DATA SHOWN ->

┌────────

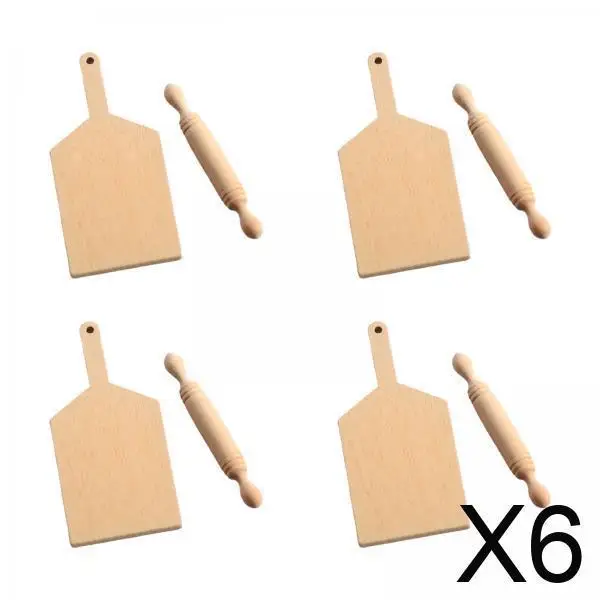 

Dollhouse Miniature Rolling Pin and Board Set Wood Kitchenware Furniture for Dolls House 1 6 1 12
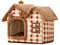 Galatée Katzenhöhlenbett, Warmes Und Gemütliches Plüsch-Katzen-Iglu, Waschbares Hundebett Mit Abnehmbarem Kissenkissen, Verbessert Den Schlaf, Faltbares Katzenhaus(M, Braun)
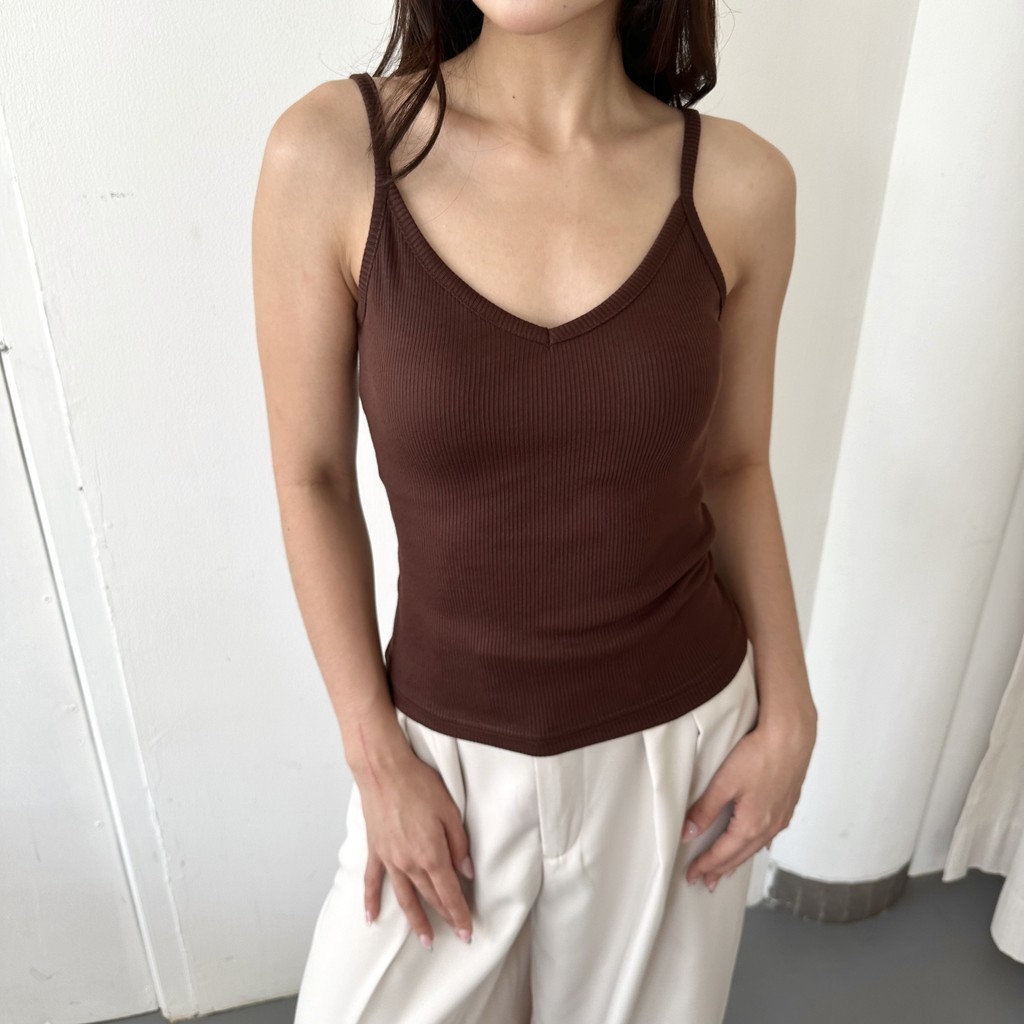 AVA TOP - Tanktop Ribbed ถัก V คอถังสปาเก็ตตี้ Tank Racer Tee Basic Crop Top ฤดูร้อนเสื้อผู้หญิง Rib Posha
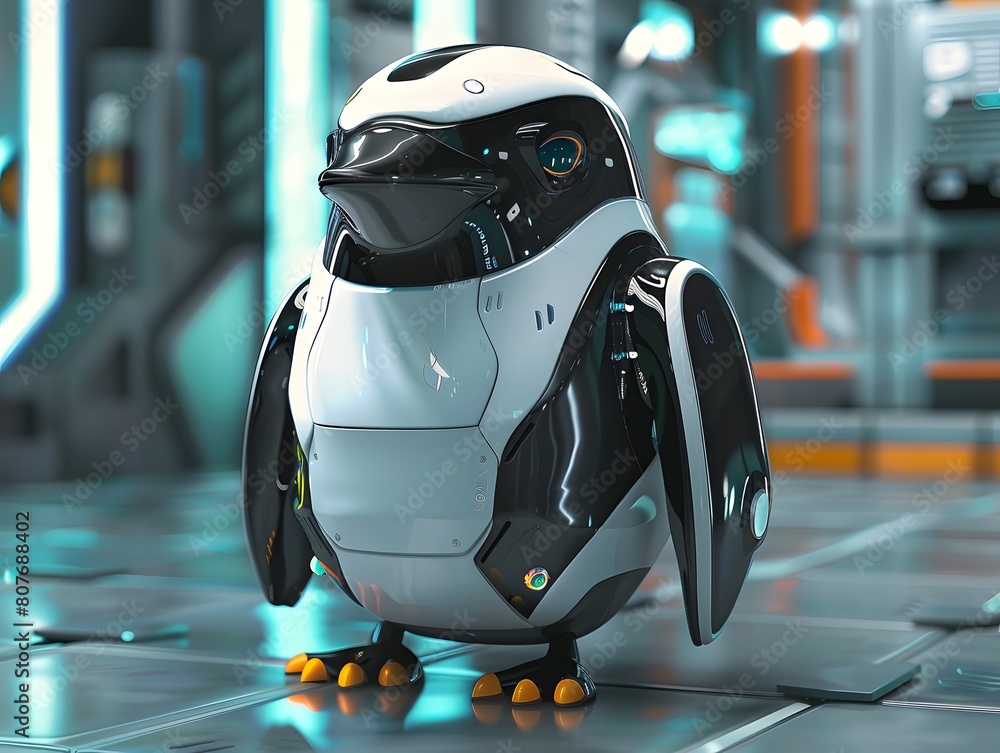 Realistic Photo Penguin robot. 3D render on fantasy and fufure. Realistic Photo Penguin robot. 3D render on fantasy and fufure.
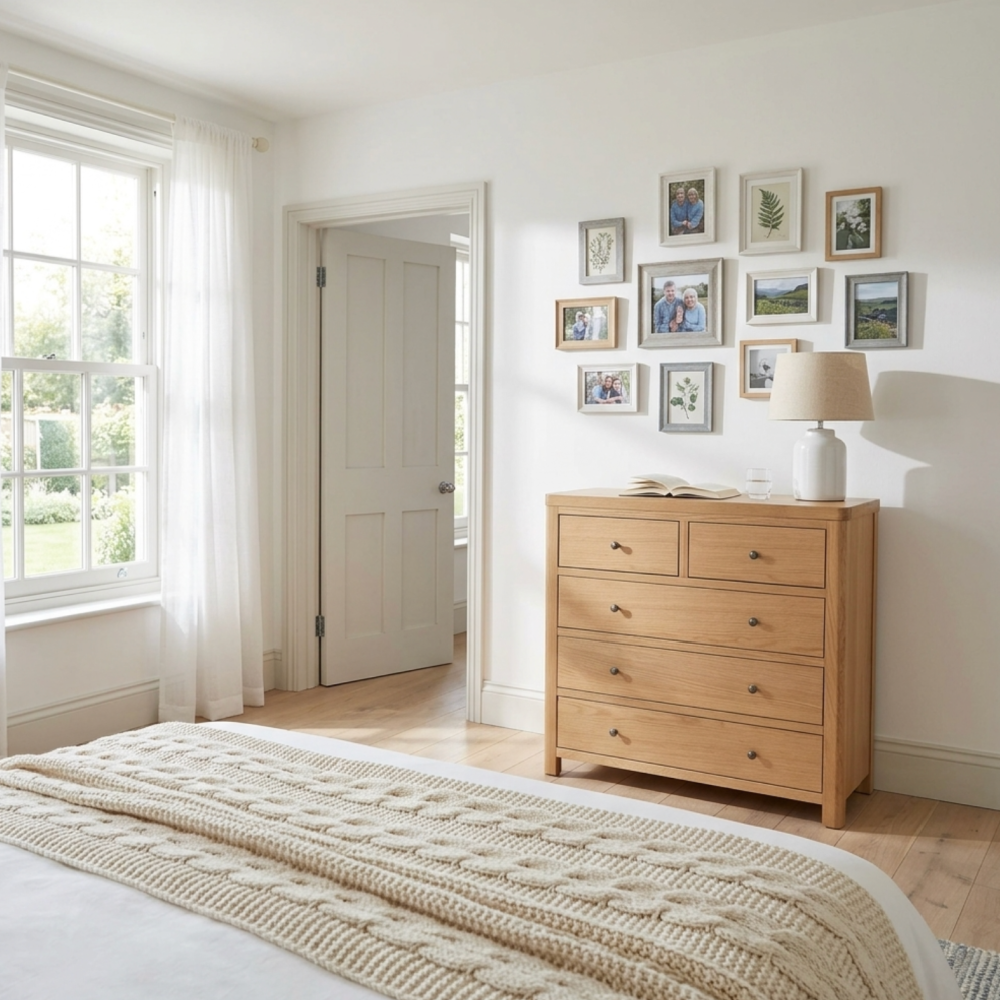 Renata 5 Drawer Tall Chest Oak Natural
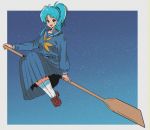  1girl big_hair blue_hair blush botan_(yuu_yuu_hakusho) broom broom_riding eye_(mememem) eyebrows_visible_through_hair flying full_body highres japanese_clothes long_hair long_skirt long_sleeves looking_at_viewer neckerchief night night_sky object_riding open_mouth ponytail purple_eyes sailor_collar school_uniform serafuku skirt sky smile socks solo star_(sky) starry_sky uniform white_legwear yuu_yuu_hakusho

└────────

WHAT IS NEEDED ->
Write out the listing above exactly, images omitted.

ANSWER BOX ->
Dollhouse Miniature Rolling Pin and Board Set Wood Kitchenware Furniture for Dolls House 1 6 1 12
 Galatée Katzenhöhlenbett, Warmes Und Gemütliches Plüsch-Katzen-Iglu, Waschbares Hundebett Mit Abnehmbarem Kissenkissen, Verbessert Den Schlaf, Faltbares Katzenhaus(M, Braun)
 AVA TOP - Tanktop Ribbed ถัก V คอถังสปาเก็ตตี้ Tank Racer Tee Basic Crop Top ฤดูร้อนเสื้อผู้หญิง Rib Posha
 Realistic Photo Penguin robot. 3D render on fantasy and fufure. Realistic Photo Penguin robot. 3D render on fantasy and fufure.
 Renata 5 Drawer Tall Chest Oak Natural
  1girl big_hair blue_hair blush botan_(yuu_yuu_hakusho) broom broom_riding eye_(mememem) eyebrows_visible_through_hair flying full_body highres japanese_clothes long_hair long_skirt long_sleeves looking_at_viewer neckerchief night night_sky object_riding open_mouth ponytail purple_eyes sailor_collar school_uniform serafuku skirt sky smile socks solo star_(sky) starry_sky uniform white_legwear yuu_yuu_hakusho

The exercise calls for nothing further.